The Fifties get another outing with drama series The Hour, this time with a focus on the changing face of the British media, writes Gerard Gilbert.
Writer Abi Morgan emits an audible groan when asked if her 1950s-set drama, The Hour, was - as it's already been dubbed - "British Mad Men".
With so many actresses and extras sashaying around in hourglass dresses on the set in the now defunct Hornsey Town Hall in north London (standing in for the BBC's now defunct Lime Grove studios in west London), it's not unlike being transported into the secretarial pool at Sterling Cooper.

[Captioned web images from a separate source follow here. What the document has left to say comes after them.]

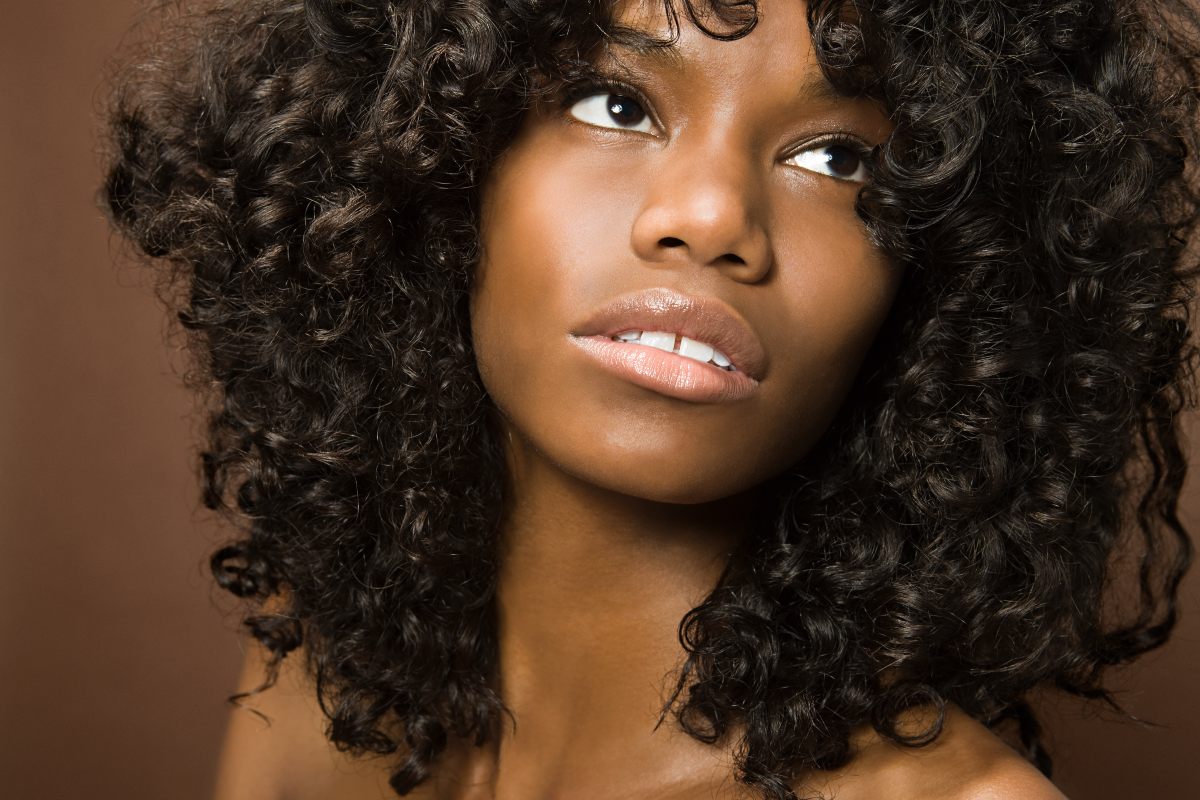 passo a passo hidratação cabelo cacheado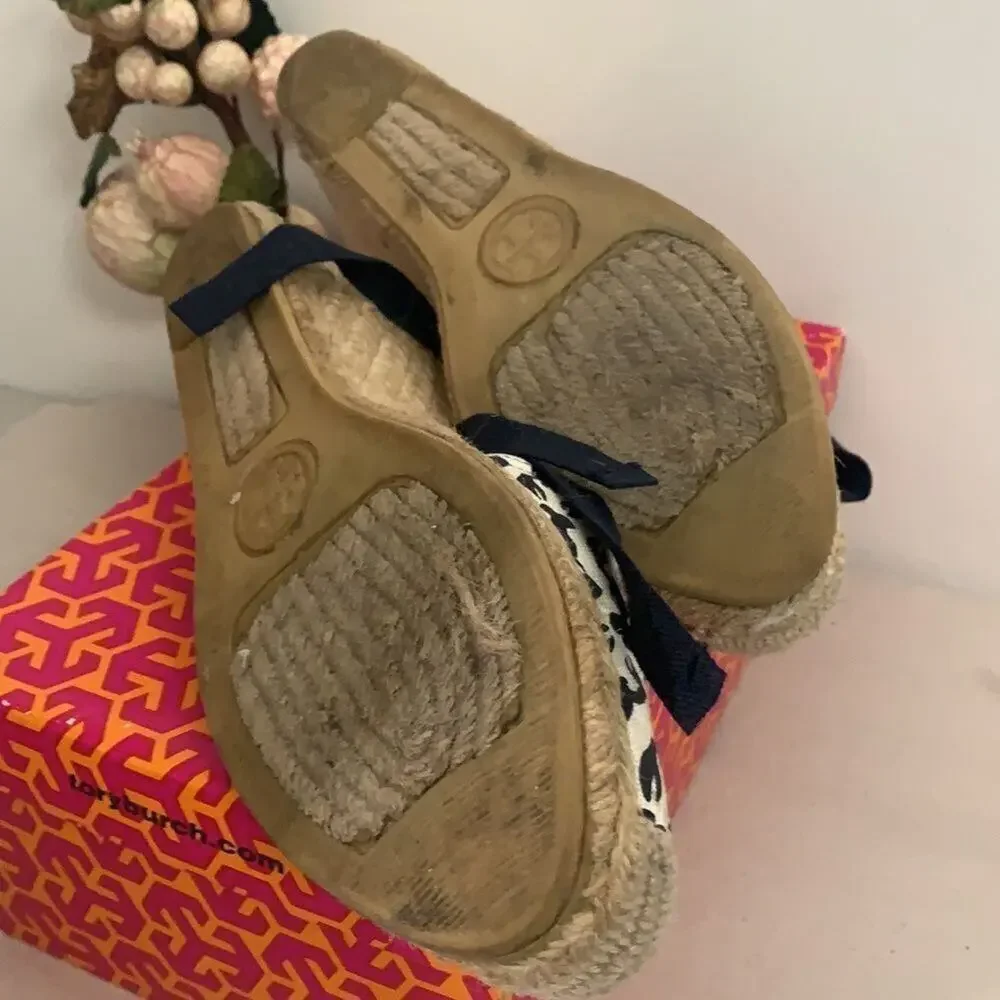 TORY BURCH HIGH WEDGE ESPADRILLE MED‎ NAVY LOBSTER SIZE 10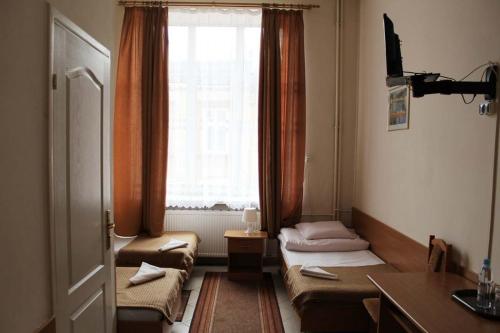 普热梅希尔欧洲酒店的客房设有两张床和窗户。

"I'm a huge fan of Mad Men, and I'll take that as flattery, but it's a very different show", says Morgan, who also wrote Sex Traffic, 1980s immigration drama Brick Lane and the upcoming Meryl Streep-as-Mrs Thatcher biopic, The Iron Lady. "It's those darned dresses - you get a girl in that beautiful hour-glass dress, it's so definitive. But I was really inspired by the news programmes, and the discovery of the 1950s came much later when I thought this was a fantastic period to set it in. Other than the period there really isn't any other comparison."
While Morgan wants to stay well clear of being mentioned in the same breath as Matthew Weiner's acknowledged television masterpiece her reasons for writing The Hour are probably not that far removed from Weiner's - the chance to get her hooks into a period of lasting social change.